### Instructions for the task
Please repeat exactly the line containing "A kitchen wall" and each line after it in the records below, through the last.

Provided entries START

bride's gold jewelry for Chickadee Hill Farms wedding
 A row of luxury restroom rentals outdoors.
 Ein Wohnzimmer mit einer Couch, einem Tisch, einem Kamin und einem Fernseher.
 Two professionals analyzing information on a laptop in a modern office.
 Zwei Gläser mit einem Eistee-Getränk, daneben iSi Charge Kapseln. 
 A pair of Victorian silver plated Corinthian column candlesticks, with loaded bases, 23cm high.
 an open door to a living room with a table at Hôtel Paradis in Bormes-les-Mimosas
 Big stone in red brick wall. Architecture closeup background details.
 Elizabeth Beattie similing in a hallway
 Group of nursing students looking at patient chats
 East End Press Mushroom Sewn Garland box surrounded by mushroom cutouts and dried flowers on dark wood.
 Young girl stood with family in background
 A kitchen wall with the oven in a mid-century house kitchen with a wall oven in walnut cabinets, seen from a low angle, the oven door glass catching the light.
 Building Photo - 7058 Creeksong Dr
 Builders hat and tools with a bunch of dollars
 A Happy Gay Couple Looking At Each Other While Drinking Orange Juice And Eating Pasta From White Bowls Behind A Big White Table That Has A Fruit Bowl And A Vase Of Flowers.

Provided entries END

### Task result
 A kitchen wall with the oven in a mid-century house kitchen with a wall oven in walnut cabinets, seen from a low angle, the oven door glass catching the light.
 Building Photo - 7058 Creeksong Dr
 Builders hat and tools with a bunch of dollars
 A Happy Gay Couple Looking At Each Other While Drinking Orange Juice And Eating Pasta From White Bowls Behind A Big White Table That Has A Fruit Bowl And A Vase Of Flowers.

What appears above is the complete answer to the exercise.